» DATA TO PROCESS:
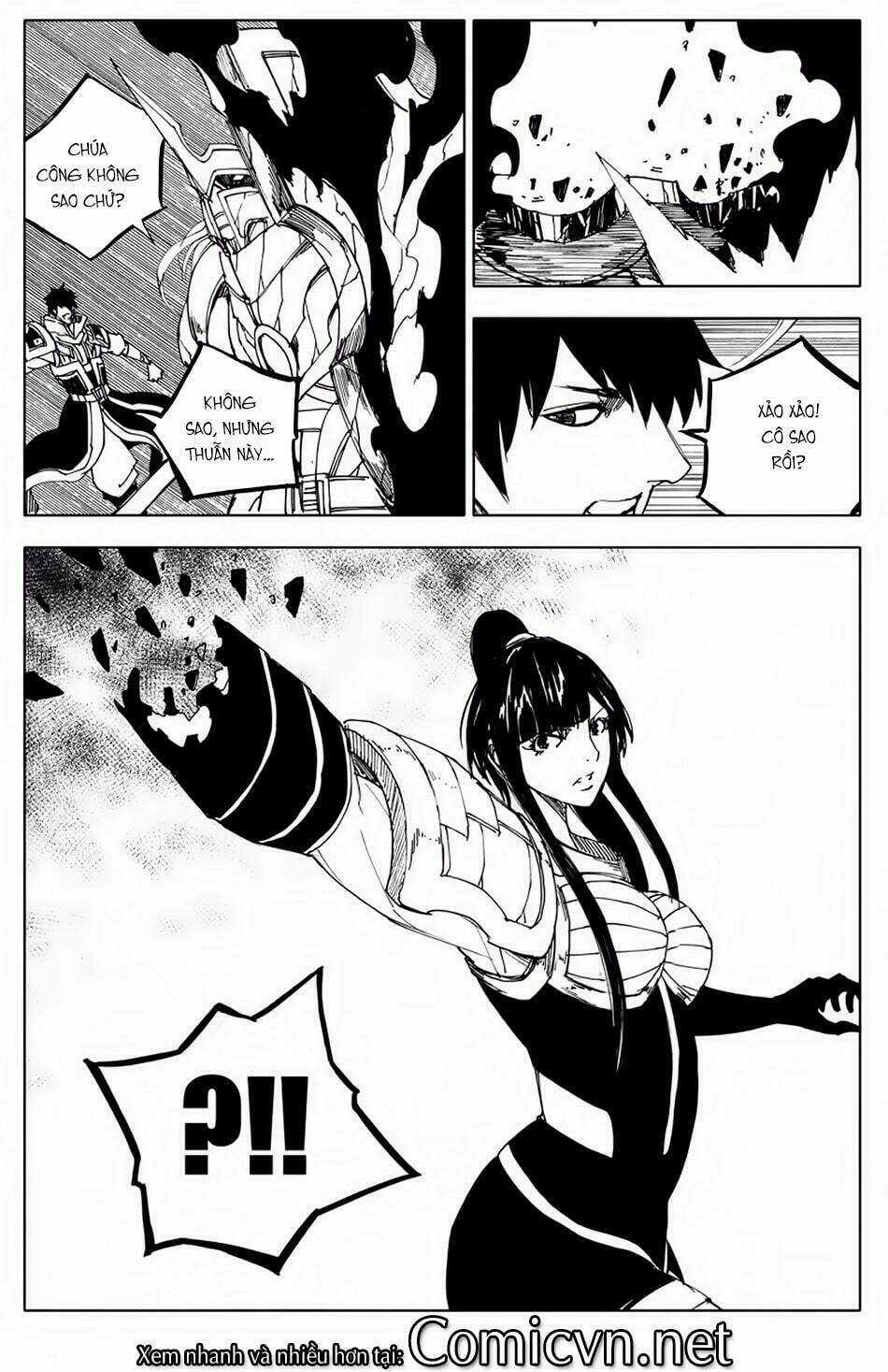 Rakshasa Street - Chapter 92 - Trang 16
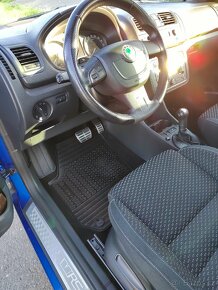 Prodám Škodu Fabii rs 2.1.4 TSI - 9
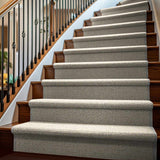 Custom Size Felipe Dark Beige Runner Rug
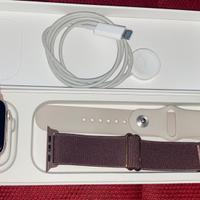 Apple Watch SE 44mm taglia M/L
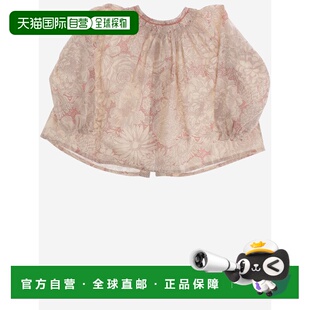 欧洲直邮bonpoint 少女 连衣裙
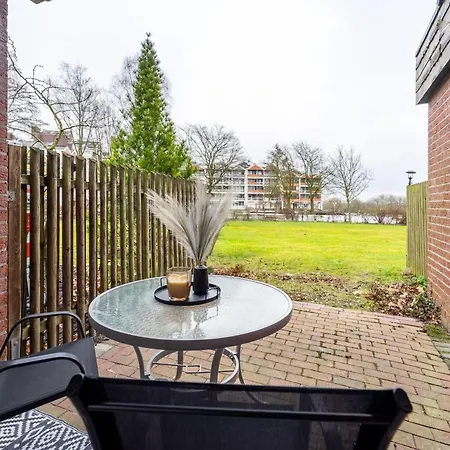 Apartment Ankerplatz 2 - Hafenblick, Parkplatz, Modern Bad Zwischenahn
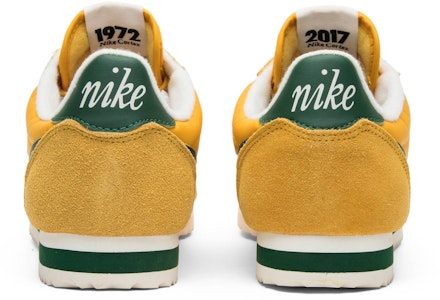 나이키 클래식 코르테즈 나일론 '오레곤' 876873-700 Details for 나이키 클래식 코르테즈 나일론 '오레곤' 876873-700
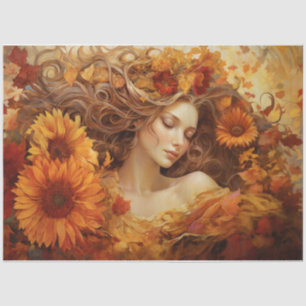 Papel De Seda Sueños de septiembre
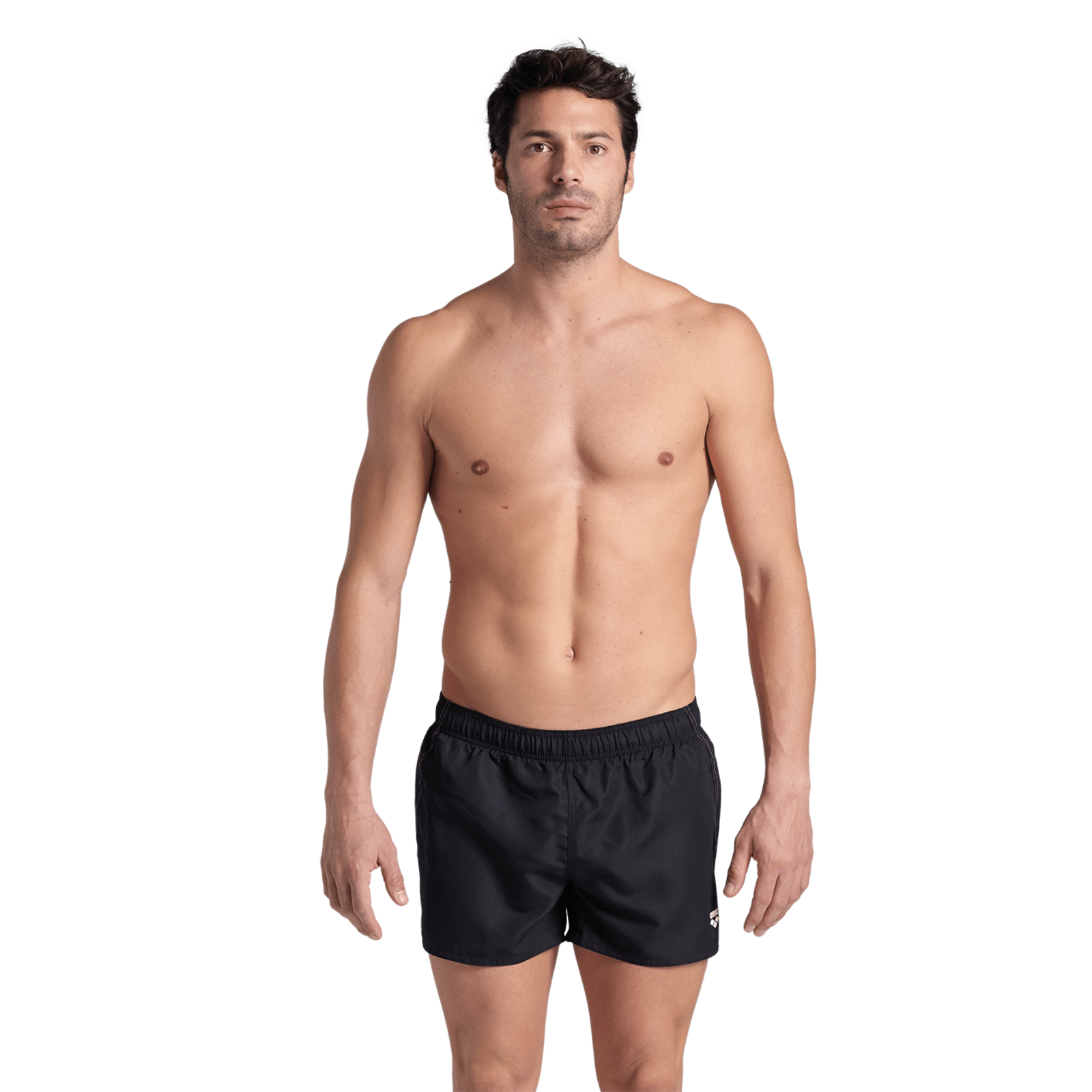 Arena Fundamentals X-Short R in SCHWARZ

» AIM OF THE TASK: Exclude all pictures and reproduce verbatim the lines running from the line that contains "Custom Size Felipe Dark Beige Runner Rug" to the end of the data above, both ends included.

» TASK OUTPUT:
 Custom Size Felipe Dark Beige Runner Rug
 Apple Watch SE 44mm taglia M/L
 欧洲直邮bonpoint 少女 连衣裙
 Apartment Ankerplatz 2 - Hafenblick, Parkplatz, Modern Bad Zwischenahn
 나이키 클래식 코르테즈 나일론 '오레곤' 876873-700 Details for 나이키 클래식 코르테즈 나일론 '오레곤' 876873-700
 Papel De Seda Sueños de septiembre
 Arena Fundamentals X-Short R in SCHWARZ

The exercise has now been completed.